[INSTRUCTIONS TO FOLLOW] Please print nothing but the lines from the one containing "Dining table for sale 1" to the final line below, exactly, and no pictures.

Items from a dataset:
-=-=-=-=-
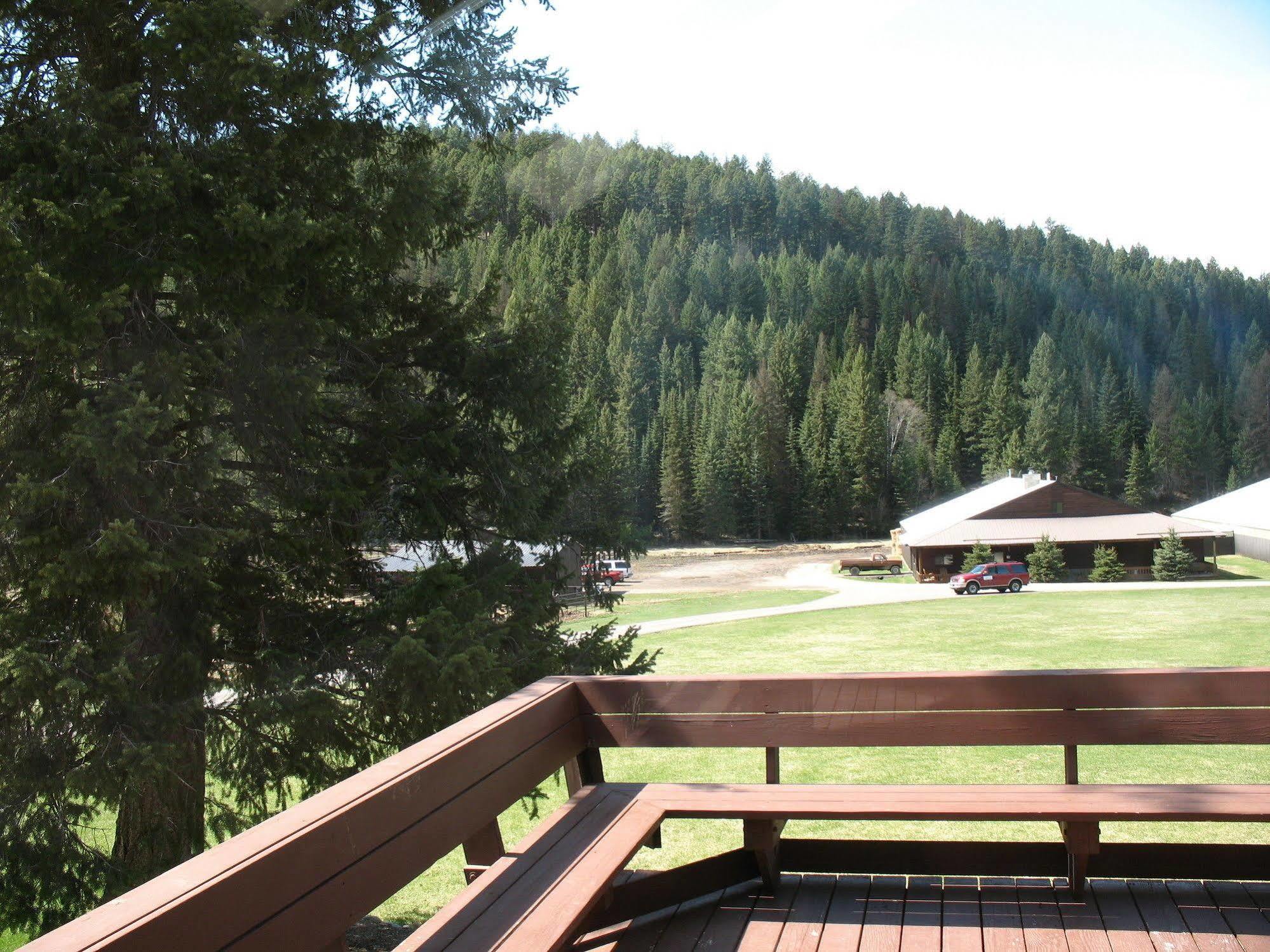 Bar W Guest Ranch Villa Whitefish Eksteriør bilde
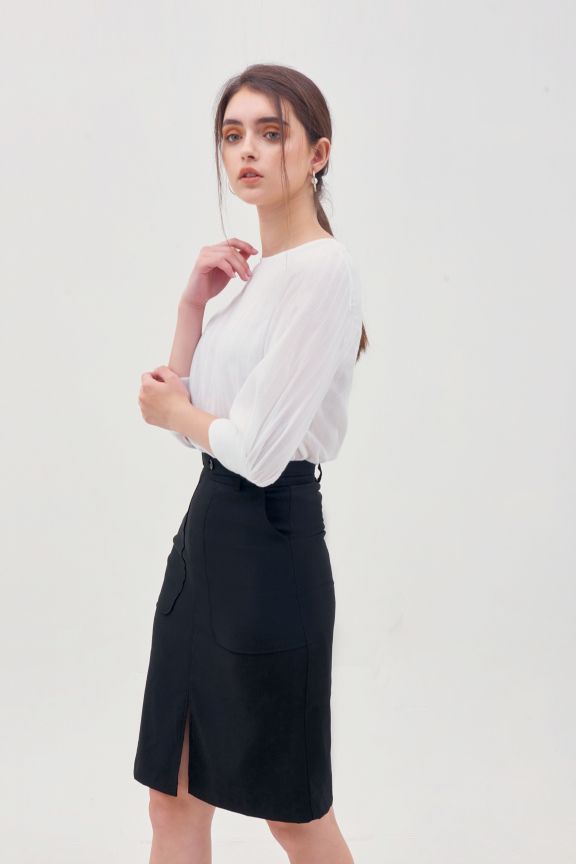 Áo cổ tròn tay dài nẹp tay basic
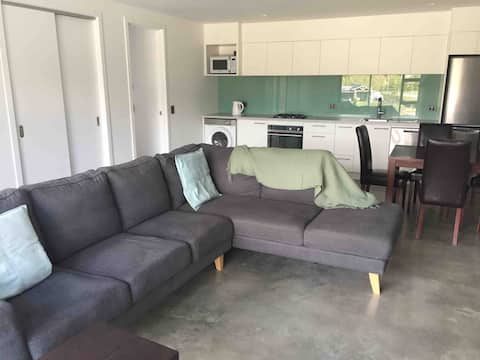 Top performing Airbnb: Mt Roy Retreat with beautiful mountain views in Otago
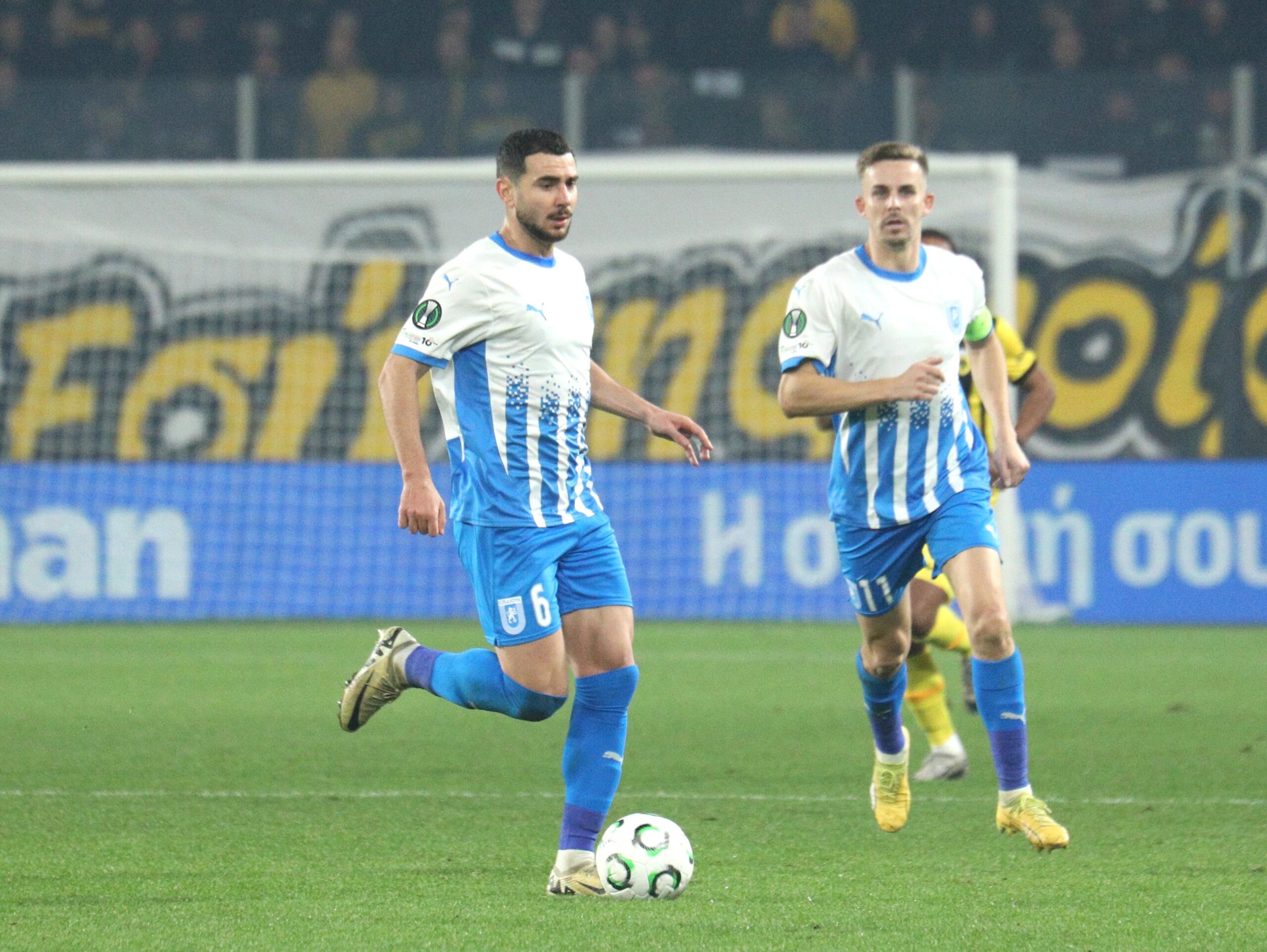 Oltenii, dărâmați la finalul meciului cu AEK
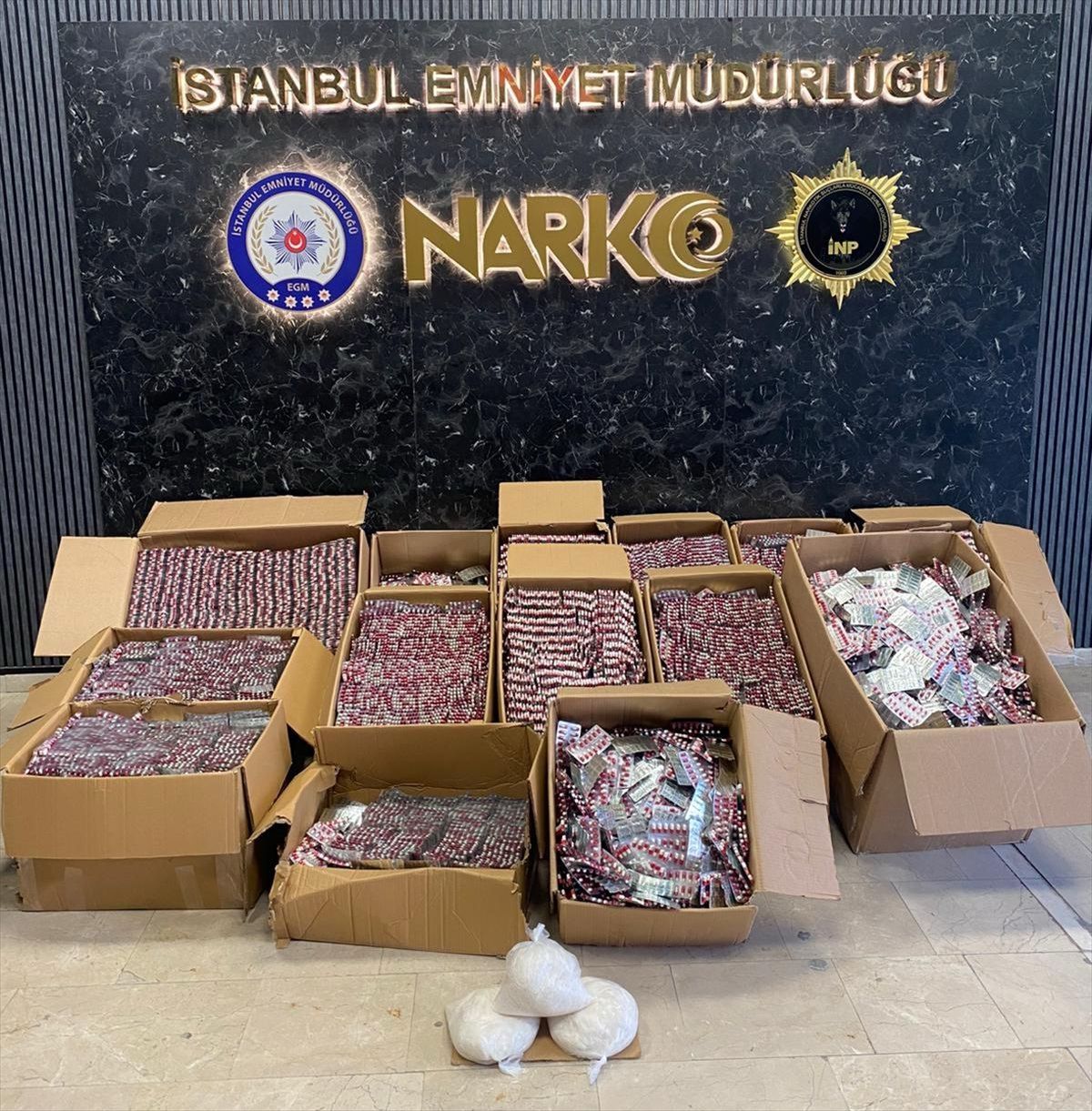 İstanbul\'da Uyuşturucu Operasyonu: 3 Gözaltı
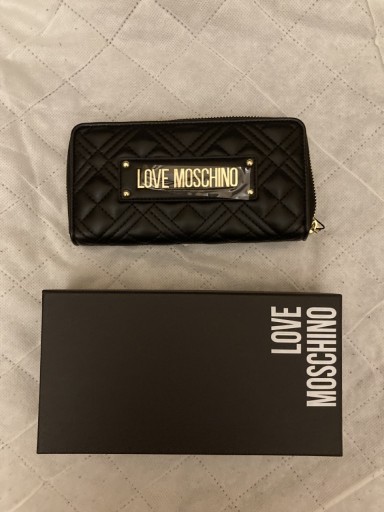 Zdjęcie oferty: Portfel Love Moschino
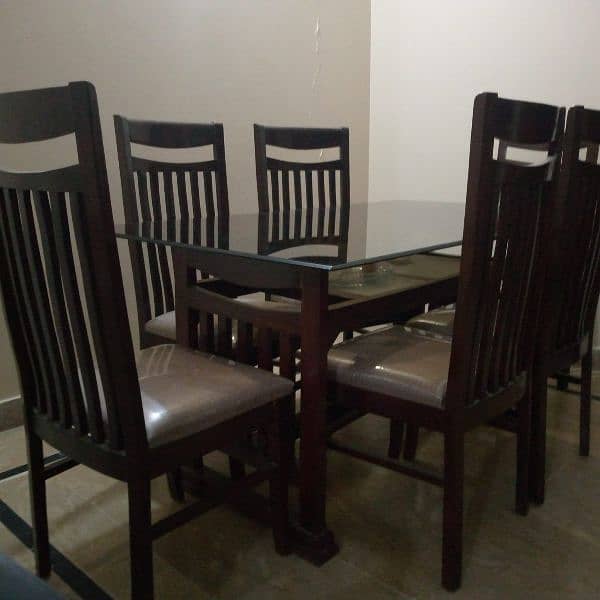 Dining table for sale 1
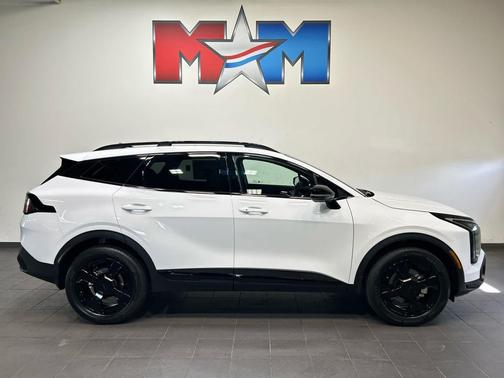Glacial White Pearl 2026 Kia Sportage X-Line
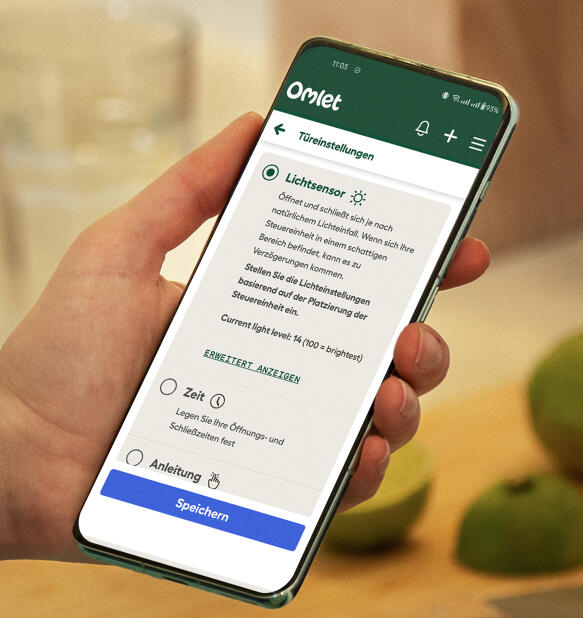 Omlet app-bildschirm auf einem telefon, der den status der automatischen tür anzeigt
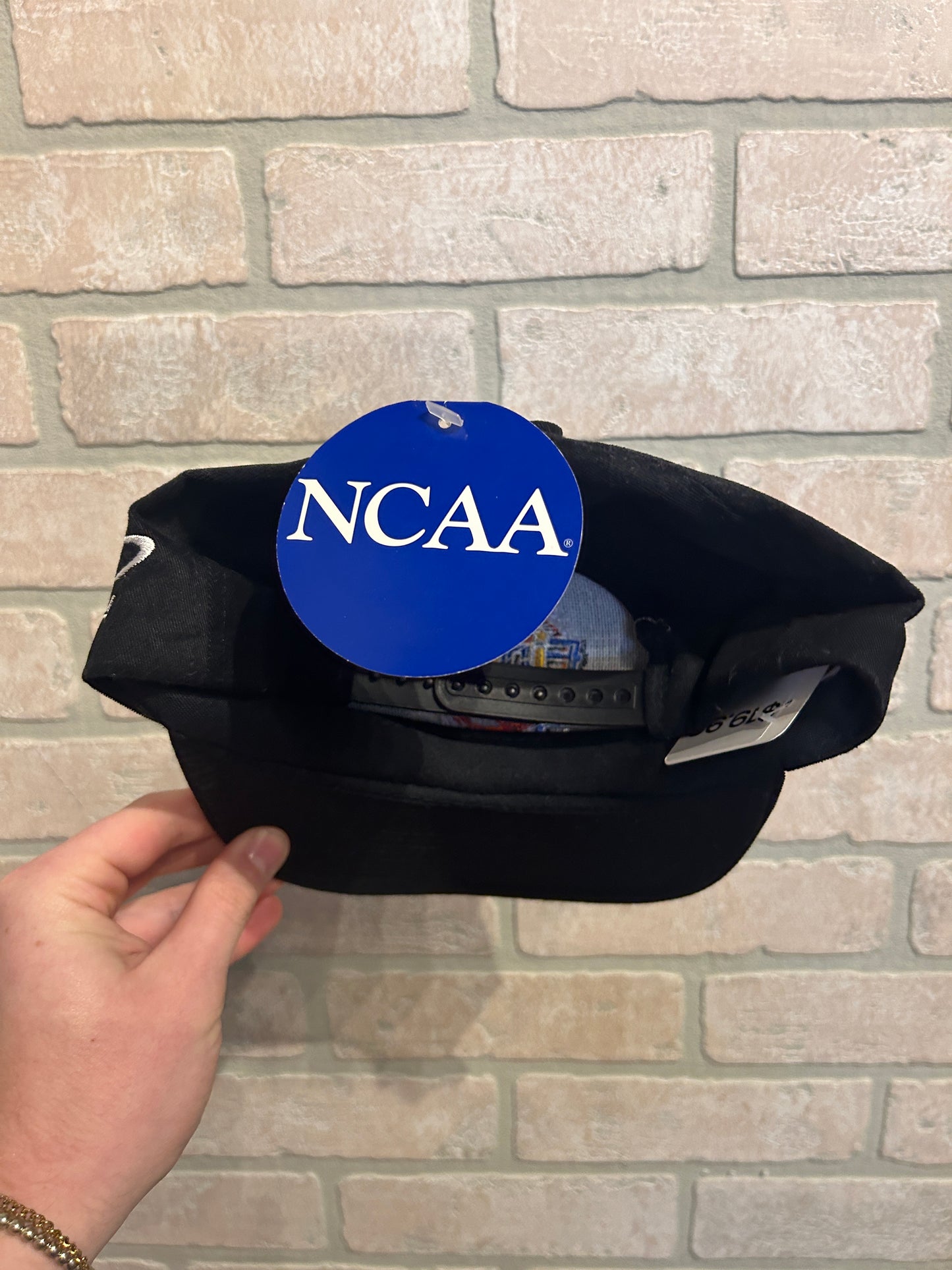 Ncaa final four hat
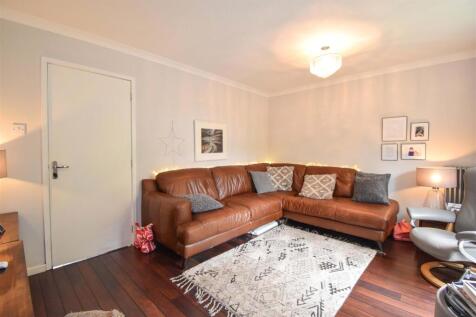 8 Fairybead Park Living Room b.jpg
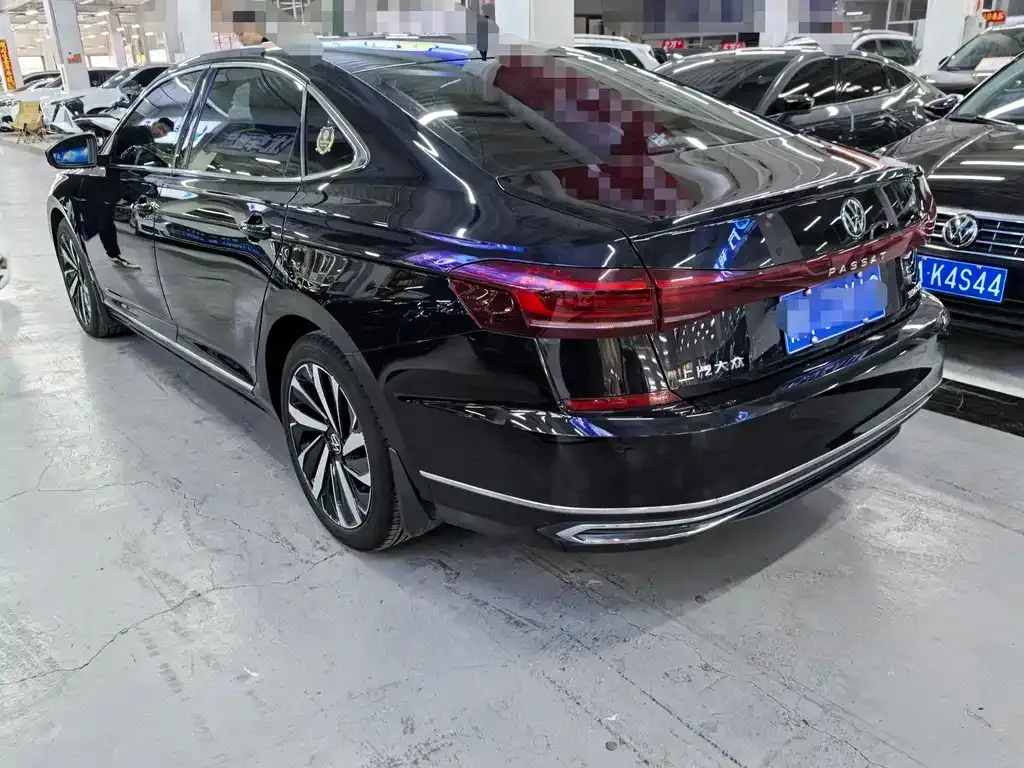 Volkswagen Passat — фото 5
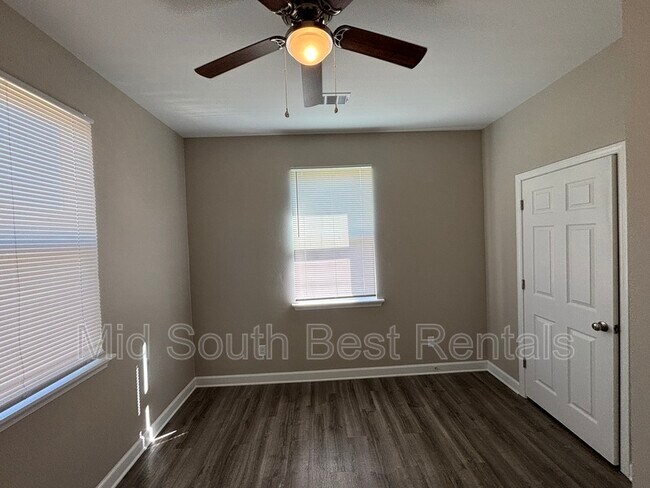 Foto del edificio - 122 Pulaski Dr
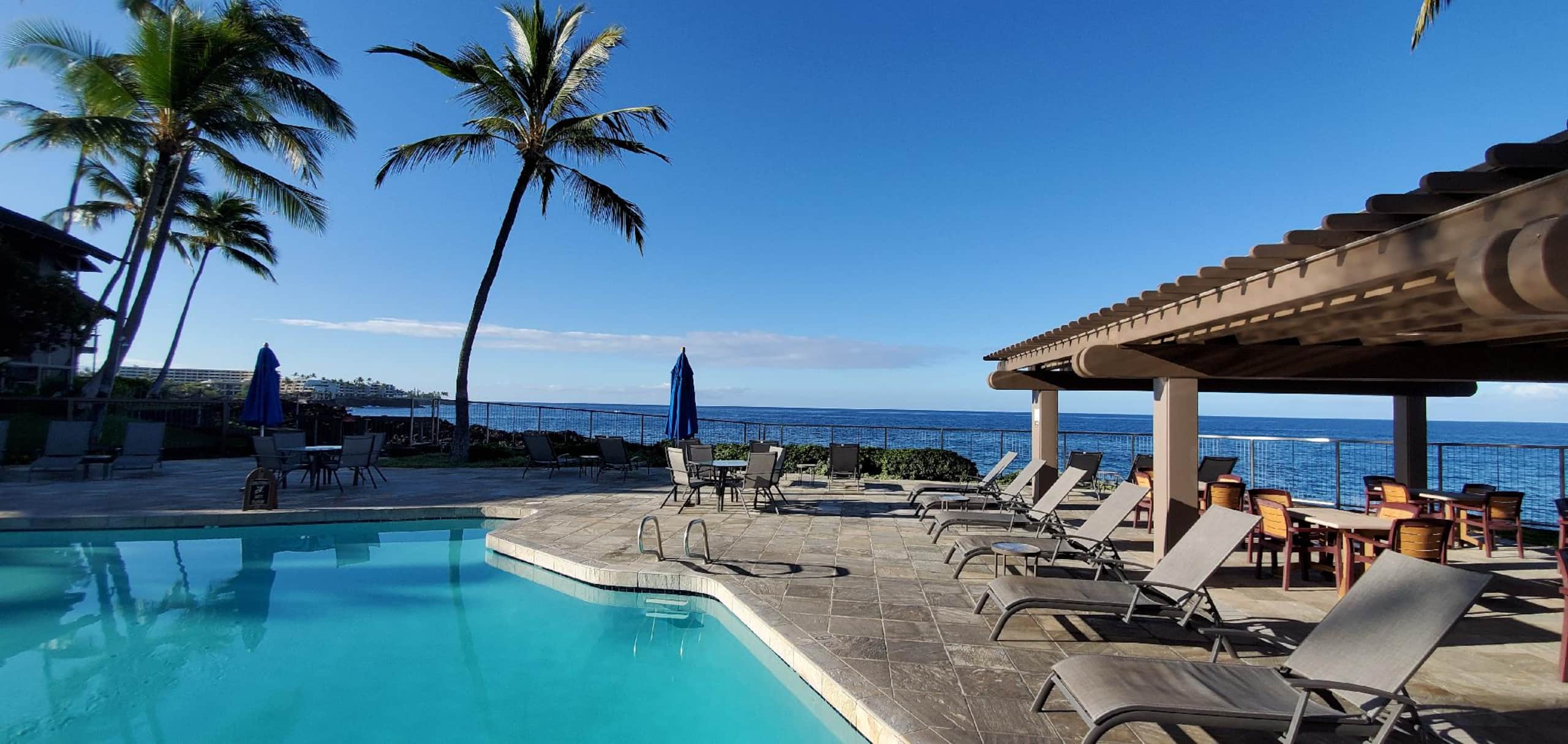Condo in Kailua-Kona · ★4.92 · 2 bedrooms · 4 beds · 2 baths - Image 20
-=-=-=-=-
[SOLUTION TO THIS TASK]
 Dining table for sale 1
Glacial White Pearl 2026 Kia Sportage X-Line
 Omlet app-bildschirm auf einem telefon, der den status der automatischen tür anzeigt
 Ncaa final four hat
 8 Fairybead Park Living Room b.jpg
 Volkswagen Passat — фото 5
 Foto del edificio - 122 Pulaski Dr
Condo in Kailua-Kona · ★4.92 · 2 bedrooms · 4 beds · 2 baths - Image 20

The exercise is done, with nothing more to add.